By Leah Lawrence - July 20, 2022

Results from the phase-2 BAYOU study indicated that the addition of the PARP inhibitor olaparib to durvalumab did not improve survival outcomes in an unselected group of patients with metastatic urothelial carcinoma.

The trial randomly assigned 154 patients 1:1 to durvalumab plus olaparib or durvalumab plus placebo. In the intention-to-treat population, the median progression-free survival (PFS) was 4.2 months for durvalumab plus olaparib compared with 3.5 months with durvalumab alone.

Overall survival was also similar for the combination compared with monotherapy (10.2 vs. 10.7 months).
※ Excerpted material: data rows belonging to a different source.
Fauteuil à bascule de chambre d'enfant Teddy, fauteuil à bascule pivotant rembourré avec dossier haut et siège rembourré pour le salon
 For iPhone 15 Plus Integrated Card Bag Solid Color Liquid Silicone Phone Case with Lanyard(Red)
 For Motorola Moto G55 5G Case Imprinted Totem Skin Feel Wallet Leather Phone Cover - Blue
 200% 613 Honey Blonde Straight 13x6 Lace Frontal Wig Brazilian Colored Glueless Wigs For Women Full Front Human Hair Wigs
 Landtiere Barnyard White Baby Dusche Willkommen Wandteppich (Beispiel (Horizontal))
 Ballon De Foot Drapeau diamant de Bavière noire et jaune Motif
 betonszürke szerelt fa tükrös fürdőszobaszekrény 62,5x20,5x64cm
“The study did not meet its primary end point as there was no progression-free survival benefit with durvalumab plus olaparib versus durvalumab plus placebo in a biomarker-unselected population,” the researchers wrote in The Journal of Clinical Oncology.

However, the researchers also looked at the 20% of patients with mutant HRR status (HRRm).

“Although limited by small numbers, secondary analyses involving patients with HRRm showed a nearly 4-month increase in median PFS with durvalumab plus olaparib versus durvalumab alone,” the researchers wrote.

The median PFS for durvalumab plus olaparib was 5.6 months compared with 1.8 months for durvalumab alone (hazard ratio=0.18; 95% CI, 0.06-0.47). According to the researchers, this suggests a potential role for PARP inhibition in patients with urothelial carcinoma harboring HRRm.

No new safety signals were observed with the combination compared with durvalumab alone.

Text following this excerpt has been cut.